The study is the first to quantify food wastage’s eco-impact. For example, the study found that the embedded water in global food waste was three times the volume of Lake Geneva, or about two Lake Tahoes. And food wastage represents 22 percent of the total global agricultural greenhouse gas emissions. (1.3 Gtonnes/6 Gtonnes).

Equally important, the study identifies the sources of our abundant food wastage. Determining exactly what foods are being squandered where is a real key, as it will help us target those areas.

To wit, Asian rice, North American and Latin American meat are two major “world food wastage hot spots.” Meanwhile, 54 percent of global food wastage happens upstream (production, post-harvest handling and storage) while 46 percent occurs downstream (in processing, distribution and consumption).

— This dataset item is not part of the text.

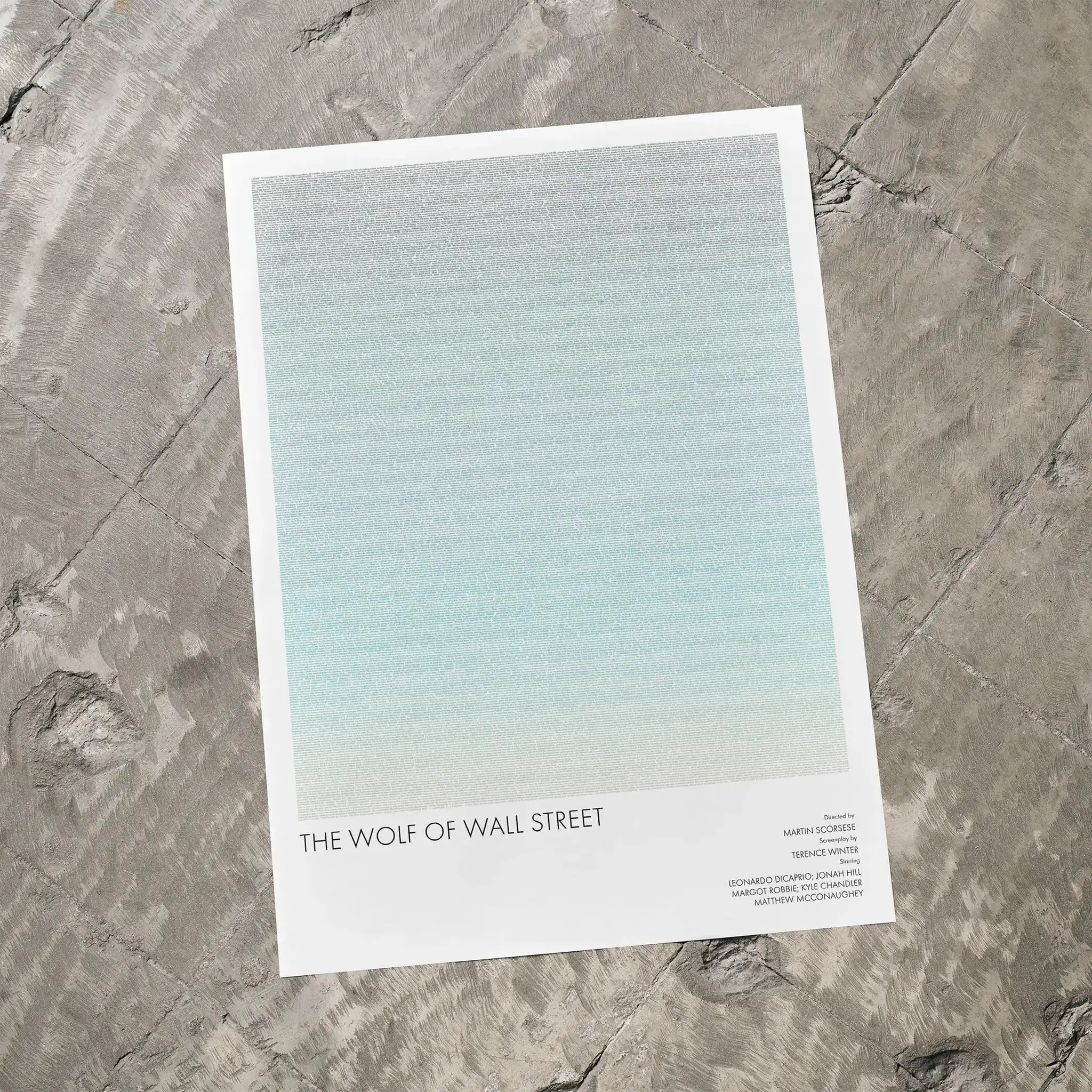 A The Wolf of Wall Street movie script poster laid flat on a textured floor surface.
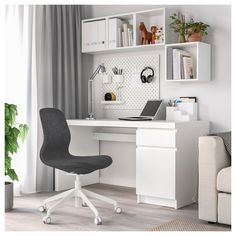 a white desk with a laptop computer on it next to a chair and bookshelf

The study’s suggested solutions are neither surprising nor groundbreaking, but they are worth repeating: reduce waste, re-use excess to feed people and compost or convert the rest into energy.

Let’s give the last word to the study’s authors:

This food wastage represents a missed opportunity to improve global food security, but also to mitigate environmental impacts and resources use from food chains.

*From the FAO:

Food loss is the unintended reduction in food available for human consumption, resulting from inefficiencies in supply chains: poor infrastructure and logistics or lack of technology, insufficient skills or poor management capacity. It mainly occurs during production or postharvest processing, e.g. when crops go unharvested or produce is thrown out during processing, storage or transport.

Food waste refers to intentional discards of edible items, mainly by retailers and consumers, and is due to the behavior of businesses and individuals.